McWILLIAMS, Justice.

By direct information Joel K. Whitman and Gary Dewane Adamson were jointly charged with murder in the first degree, namely, the felonious, wilful and premeditated killing and murder of one Walter F. Hamilton. Whitman entered a plea of not guilty to this charge, and thereafter sought and obtained a trial separate from that of his codefendant Adamson. Upon trial, Whitman was convicted of murder in the first degree and the jury fixed his sentence at life imprisonment. By writ of error Whitman now seeks reversal of this judgment and sentence.

It was the People's theory of the case that under C.R.S.1963, 40--2--3 this was a so-called 'felony-murder' situation. This particular statute provides, in part, that a 'murder * * * which is committed in the perpetration or attempt to perpetrate any * * * robbery * * * shall be deemed murder in the first degree.'

Accordingly, the People offered evidence tending to establish that Adamson, at gunpoint, robbed the proprietor of a South Denver creamery of approximately one hundred dollars, this sum consisting of currency only. Prior to this robbery, Whitman and Adamson, who were then residing in the Colorado Springs area, had together driven to Denver in an automobile belonging to Whitman's sister.
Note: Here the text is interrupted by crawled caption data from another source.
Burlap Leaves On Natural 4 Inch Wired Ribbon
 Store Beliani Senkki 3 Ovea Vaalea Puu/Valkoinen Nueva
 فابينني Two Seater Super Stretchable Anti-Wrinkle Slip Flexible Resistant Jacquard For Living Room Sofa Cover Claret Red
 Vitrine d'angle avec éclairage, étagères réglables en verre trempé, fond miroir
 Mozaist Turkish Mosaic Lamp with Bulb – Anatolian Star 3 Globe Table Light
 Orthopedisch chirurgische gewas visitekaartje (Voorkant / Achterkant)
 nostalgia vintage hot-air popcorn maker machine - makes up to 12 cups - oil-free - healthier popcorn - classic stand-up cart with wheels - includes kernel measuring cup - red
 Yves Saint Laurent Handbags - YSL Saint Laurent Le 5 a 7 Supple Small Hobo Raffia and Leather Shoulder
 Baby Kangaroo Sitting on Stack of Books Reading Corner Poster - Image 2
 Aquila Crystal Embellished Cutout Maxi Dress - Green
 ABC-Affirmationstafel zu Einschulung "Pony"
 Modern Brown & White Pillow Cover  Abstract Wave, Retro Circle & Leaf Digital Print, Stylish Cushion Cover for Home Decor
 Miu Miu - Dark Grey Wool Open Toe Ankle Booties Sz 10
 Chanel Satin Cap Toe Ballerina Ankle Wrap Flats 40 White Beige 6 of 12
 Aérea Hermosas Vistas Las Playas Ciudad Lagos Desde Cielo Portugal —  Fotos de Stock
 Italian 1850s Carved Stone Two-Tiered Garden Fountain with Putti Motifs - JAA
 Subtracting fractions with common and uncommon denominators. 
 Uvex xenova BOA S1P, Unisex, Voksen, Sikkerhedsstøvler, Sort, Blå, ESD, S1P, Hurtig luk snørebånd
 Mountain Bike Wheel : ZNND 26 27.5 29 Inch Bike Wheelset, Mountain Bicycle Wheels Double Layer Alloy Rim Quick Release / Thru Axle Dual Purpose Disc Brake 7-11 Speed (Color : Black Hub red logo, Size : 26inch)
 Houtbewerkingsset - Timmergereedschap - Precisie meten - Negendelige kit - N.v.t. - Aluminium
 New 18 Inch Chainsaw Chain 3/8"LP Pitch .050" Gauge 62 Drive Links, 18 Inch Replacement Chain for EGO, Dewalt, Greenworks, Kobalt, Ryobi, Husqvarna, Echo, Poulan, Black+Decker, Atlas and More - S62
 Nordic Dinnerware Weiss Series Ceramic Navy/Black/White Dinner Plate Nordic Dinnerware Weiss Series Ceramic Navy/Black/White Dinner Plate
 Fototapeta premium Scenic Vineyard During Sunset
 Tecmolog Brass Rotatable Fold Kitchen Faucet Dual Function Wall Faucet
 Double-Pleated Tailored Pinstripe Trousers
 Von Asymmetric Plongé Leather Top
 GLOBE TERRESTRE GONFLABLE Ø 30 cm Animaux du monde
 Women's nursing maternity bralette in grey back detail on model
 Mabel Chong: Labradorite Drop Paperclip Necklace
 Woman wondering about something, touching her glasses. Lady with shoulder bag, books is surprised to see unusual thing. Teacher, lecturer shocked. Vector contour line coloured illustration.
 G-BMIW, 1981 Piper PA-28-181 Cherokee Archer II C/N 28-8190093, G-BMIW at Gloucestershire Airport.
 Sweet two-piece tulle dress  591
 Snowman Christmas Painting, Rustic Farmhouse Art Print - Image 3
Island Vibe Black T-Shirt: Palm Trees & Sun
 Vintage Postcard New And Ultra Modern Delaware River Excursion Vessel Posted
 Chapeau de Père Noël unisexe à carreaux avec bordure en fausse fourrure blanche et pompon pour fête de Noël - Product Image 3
Although this was a controverted issue of fact, there nevertheless was evidence that the gun which Adamson used in the holdup had been given him by Whitman. During the robbery Whitman sat in the car which was parked around the corner from the aforementioned creamery.

As Adamson was leaving the creamery, two Denver police officers stopped their squad car, purely by chance, directly in front of this establishment. As the result of certain 'signaling' by the victim of the robbery, the two officers decided to follow Adamson, who proceeded on foot at a rather swift pace to the waiting car in which Whitman was sitting behind the steering wheel. Whitman then pulled away quickly from the curb and the officers proceeded to give chase. Midway through the chase, the officers noted currency coming from the window of the pursued vehicle. This chase was a high speed one, up to one hundred miles per hour, with the Whitman driven vehicle running half a dozen stop signs and several signal light controlled intersections.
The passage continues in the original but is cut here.